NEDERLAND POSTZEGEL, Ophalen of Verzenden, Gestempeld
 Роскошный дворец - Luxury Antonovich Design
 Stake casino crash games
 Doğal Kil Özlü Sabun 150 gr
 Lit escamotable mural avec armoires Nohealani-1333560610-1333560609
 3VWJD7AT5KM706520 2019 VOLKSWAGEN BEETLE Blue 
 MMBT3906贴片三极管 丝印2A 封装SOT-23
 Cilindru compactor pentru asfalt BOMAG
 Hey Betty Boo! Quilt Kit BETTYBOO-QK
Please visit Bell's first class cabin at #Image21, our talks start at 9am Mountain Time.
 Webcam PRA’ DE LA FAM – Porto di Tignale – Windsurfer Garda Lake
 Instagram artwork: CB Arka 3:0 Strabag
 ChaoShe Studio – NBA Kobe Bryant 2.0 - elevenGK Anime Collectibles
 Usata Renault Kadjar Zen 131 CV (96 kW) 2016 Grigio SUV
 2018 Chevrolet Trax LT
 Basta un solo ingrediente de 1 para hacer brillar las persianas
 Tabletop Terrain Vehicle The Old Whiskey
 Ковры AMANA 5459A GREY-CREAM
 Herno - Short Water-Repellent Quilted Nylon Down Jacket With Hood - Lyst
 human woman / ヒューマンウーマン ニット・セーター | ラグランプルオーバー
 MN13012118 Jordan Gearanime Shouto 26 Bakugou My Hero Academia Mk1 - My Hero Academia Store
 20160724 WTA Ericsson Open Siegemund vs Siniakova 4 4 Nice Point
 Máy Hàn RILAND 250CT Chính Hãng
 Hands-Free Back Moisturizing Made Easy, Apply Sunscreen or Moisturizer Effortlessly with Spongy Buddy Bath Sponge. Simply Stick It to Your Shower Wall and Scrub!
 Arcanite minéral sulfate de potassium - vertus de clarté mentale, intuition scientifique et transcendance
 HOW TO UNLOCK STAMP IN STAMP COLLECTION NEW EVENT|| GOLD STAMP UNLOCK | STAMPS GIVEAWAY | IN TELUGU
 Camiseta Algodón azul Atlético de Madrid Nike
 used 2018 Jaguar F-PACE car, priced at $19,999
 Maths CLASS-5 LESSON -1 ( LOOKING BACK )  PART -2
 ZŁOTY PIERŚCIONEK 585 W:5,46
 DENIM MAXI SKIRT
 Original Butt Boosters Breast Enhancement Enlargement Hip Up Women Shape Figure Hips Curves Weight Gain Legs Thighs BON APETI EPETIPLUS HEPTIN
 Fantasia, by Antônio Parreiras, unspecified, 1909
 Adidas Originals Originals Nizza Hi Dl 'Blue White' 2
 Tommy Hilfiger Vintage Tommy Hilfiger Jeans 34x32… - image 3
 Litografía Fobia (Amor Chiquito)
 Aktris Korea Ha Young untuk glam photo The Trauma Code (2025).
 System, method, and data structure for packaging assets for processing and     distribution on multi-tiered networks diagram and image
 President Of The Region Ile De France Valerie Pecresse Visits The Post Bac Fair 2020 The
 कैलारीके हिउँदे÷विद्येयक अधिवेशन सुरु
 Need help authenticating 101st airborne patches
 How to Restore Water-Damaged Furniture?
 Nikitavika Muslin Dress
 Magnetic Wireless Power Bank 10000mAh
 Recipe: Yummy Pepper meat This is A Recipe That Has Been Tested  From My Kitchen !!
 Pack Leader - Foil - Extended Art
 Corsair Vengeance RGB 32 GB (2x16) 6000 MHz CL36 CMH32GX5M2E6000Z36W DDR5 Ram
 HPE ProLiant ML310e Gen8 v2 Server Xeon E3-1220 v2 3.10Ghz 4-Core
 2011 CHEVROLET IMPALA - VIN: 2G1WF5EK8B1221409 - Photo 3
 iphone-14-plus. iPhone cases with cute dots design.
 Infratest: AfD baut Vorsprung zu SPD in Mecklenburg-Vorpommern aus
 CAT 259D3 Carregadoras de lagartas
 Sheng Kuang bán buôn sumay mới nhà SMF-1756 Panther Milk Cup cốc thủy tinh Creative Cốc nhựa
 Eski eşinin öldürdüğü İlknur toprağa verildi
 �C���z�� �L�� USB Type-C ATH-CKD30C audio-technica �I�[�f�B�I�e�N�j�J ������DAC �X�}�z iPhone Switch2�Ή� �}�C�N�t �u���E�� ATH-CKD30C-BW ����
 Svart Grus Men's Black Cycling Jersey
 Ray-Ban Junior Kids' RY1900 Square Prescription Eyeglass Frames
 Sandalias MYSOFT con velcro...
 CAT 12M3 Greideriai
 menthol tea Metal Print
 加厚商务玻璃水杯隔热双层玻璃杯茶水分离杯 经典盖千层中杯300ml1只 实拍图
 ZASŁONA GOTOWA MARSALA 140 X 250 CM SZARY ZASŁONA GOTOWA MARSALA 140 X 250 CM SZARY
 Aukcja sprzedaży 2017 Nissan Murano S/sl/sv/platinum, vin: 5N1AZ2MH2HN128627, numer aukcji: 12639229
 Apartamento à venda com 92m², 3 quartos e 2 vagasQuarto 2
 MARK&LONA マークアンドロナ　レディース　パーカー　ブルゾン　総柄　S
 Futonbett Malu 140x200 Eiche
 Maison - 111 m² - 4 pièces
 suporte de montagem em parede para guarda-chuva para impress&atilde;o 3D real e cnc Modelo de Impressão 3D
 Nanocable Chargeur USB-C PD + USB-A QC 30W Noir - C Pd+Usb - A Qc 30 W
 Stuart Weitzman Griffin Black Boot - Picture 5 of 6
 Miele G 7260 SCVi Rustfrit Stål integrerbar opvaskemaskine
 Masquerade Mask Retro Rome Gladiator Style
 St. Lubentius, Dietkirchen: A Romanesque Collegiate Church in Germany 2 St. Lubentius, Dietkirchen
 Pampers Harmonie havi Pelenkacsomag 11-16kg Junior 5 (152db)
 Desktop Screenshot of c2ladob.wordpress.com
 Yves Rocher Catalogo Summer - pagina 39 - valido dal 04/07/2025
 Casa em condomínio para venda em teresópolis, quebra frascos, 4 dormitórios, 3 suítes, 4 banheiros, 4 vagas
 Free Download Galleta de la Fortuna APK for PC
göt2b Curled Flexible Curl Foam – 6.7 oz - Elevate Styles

* * *

→ **What needs to be done**: Return every line of the listing above that contains "para".

→ **Task response**:
 Basta un solo ingrediente de 1 para hacer brillar las persianas
 suporte de montagem em parede para guarda-chuva para impress&atilde;o 3D real e cnc Modelo de Impressão 3D
 Casa em condomínio para venda em teresópolis, quebra frascos, 4 dormitórios, 3 suítes, 4 banheiros, 4 vagas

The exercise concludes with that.